_TASK_
For this task, output exactly the lines of the material below starting at the line with "7710 Ashmole Ln, Houston, TX 77088 - Photo 9" and ending at the line with "Wit kussen op een zacht bed."; pictures are to be excluded.

_GIVEN DATA_
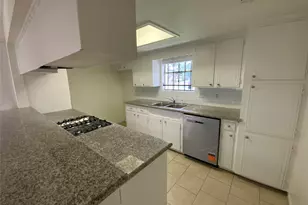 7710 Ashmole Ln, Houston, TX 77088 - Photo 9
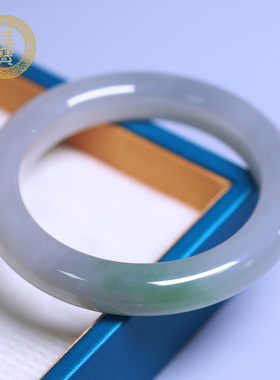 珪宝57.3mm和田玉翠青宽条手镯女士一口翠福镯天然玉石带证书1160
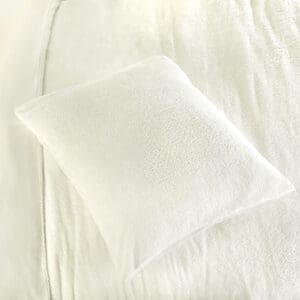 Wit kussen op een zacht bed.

* * *

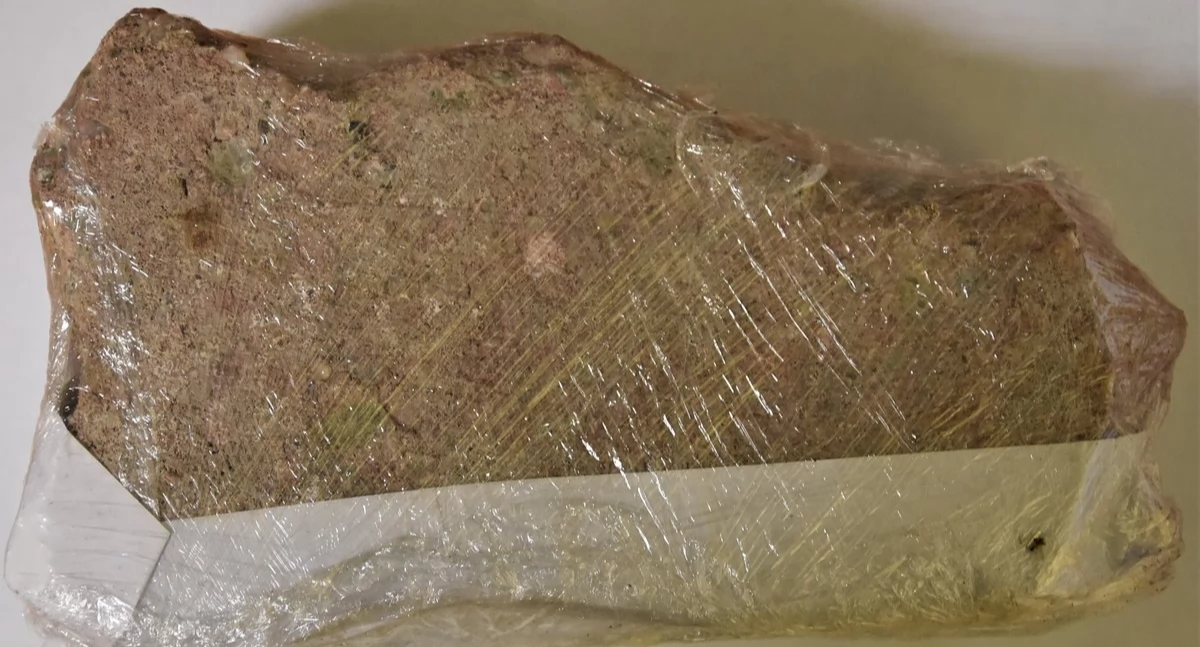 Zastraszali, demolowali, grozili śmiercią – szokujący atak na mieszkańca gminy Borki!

_COMPLETED TASK_
 7710 Ashmole Ln, Houston, TX 77088 - Photo 9
 珪宝57.3mm和田玉翠青宽条手镯女士一口翠福镯天然玉石带证书1160
 Wit kussen op een zacht bed.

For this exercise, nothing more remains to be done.